UNLESS AND UNTIL IT IS EXCHANGED IN WHOLE OR IN PART FOR NOTES IN CERTIFICATED
FORM, THIS NOTE MAY NOT BE TRANSFERRED EXCEPT AS A WHOLE BY THE DEPOSITORY TRUST
COMPANY (THE "SECURITIES DEPOSITORY") TO A NOMINEE OF THE SECURITIES DEPOSITORY
OR BY THE SECURITIES DEPOSITORY OR ANY SUCH NOMINEE TO A SUCCESSOR DEPOSITORY OR
A NOMINEE OF SUCH SUCCESSOR DEPOSITORY. UNLESS THIS NOTE IS PRESENTED BY AN
AUTHORIZED REPRESENTATIVE OF THE SECURITIES DEPOSITORY, TO THE COMPANY OR ITS
AGENT FOR REGISTRATION OF TRANSFER, EXCHANGE OR PAYMENT, AND ANY CERTIFICATE
ISSUED IS REGISTERED IN THE NAME OF CEDE & CO. OR IN SUCH OTHER NAME AS
REQUESTED BY AN AUTHORIZED REPRESENTATIVE OF THE SECURITIES DEPOSITORY (AND ANY
PAYMENT IS MADE TO CEDE & CO. OR TO SUCH OTHER ENTITY AS IS REQUESTED BY AN
AUTHORIZED REPRESENTATIVE OF THE SECURITIES DEPOSITORY), ANY TRANSFER, PLEDGE OR
OTHER USE HEREOF FOR VALUE OR OTHERWISE BY OR TO ANY PERSON IS WRONGFUL INASMUCH
AS THE REGISTERED OWNER HEREOF, CEDE & CO., HAS AN INTEREST HEREIN.

No. 00001
CUSIP 428040BM0                                                     $200,000,000


                              THE HERTZ CORPORATION
                       6.50% Senior Note due May 15, 2006



Original Issue Date:  May 18, 1999
Interest Payment Dates: May 15 and November 15
Maturity Date:  May 15, 2006
Interest Rate: 6.50%

THE HERTZ CORPORATION, a Delaware corporation (hereinafter called the "Company",
which term includes any successor corporation under the Indenture hereinafter
referred to), for value received, hereby promises to pay to CEDE & CO., or
registered assigns, the principal sum of $200,000,000 (the "Principal Amount")
on the Maturity Date shown above, except as provided below, and to pay interest
thereon at the rate per annum shown above. The Company will pay interest
semiannually on the Interest Payment Dates, commencing with November 15, 1999.
Interest on this Note will accrue from the most recent date to which interest
has been paid or, if no interest has been paid, from the Original Issue Date
shown above. The Interest so payable, and punctually paid or duly provided for,
on any Interest Payment Date will, as provided in such Indenture, be paid to the
Person in whose name this Note (or one or more Predecessor Securities) is
registered at the close of business on the Regular Record Date for such
interest, which shall be the May 1 or the November 1 (whether or not a Business
Day), as the case may be, next preceding such Interest Payment Date.
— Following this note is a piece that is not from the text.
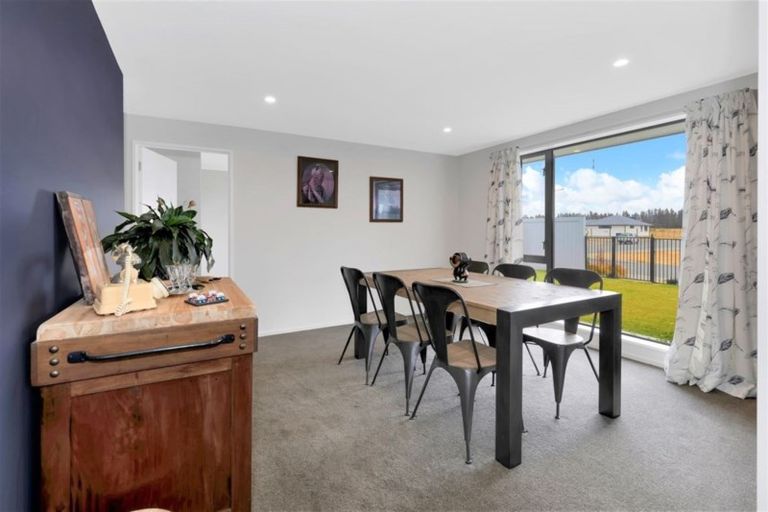 Photo of property in 12 Rosewood Drive, Amberley, 7410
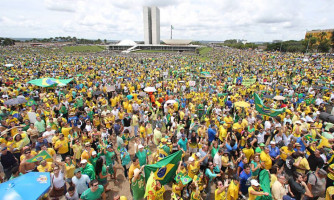 Ministro do TSE nega pedido para investigar caravanas pró-Bolsonaro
Any such
interest not so punctually paid or duly provided for shall forthwith cease to be
payable to the registered Holder on such Regular Record Date, and may be paid to
the Person in whose name this Note (or one or more Predecessor Securities) is
registered on a Special Record Date for the payment of such Defaulted Interest
to be fixed by the Company, notice whereof shall be given to holders of Notes
not less than 15 days prior to such Special Record Date, or may be paid at any
time in any other lawful manner not inconsistent with the requirements of any
securities exchange upon which the Notes may be listed, and upon such notice as
may be required by such exchange, all as more fully provided in such Indenture.

                                       -4-
<PAGE>   2
In the event this Global Note is surrendered in exchange for Notes in definitive
form, principal and interest payable with respect to Notes in definitive form
will be payable at the office or agency of the Company maintained for that
purpose in New York, New York (the Place of Payment), in such coin or currency
of the United States of America as at the time of payment is legal tender for
payment of public and private debts; provided, however, that payment of interest
payable with respect to such Notes in definitive form, may be made at the option
of the Company by check mailed to the address of the Person entitled thereto as
such address shall appear on the Security Register.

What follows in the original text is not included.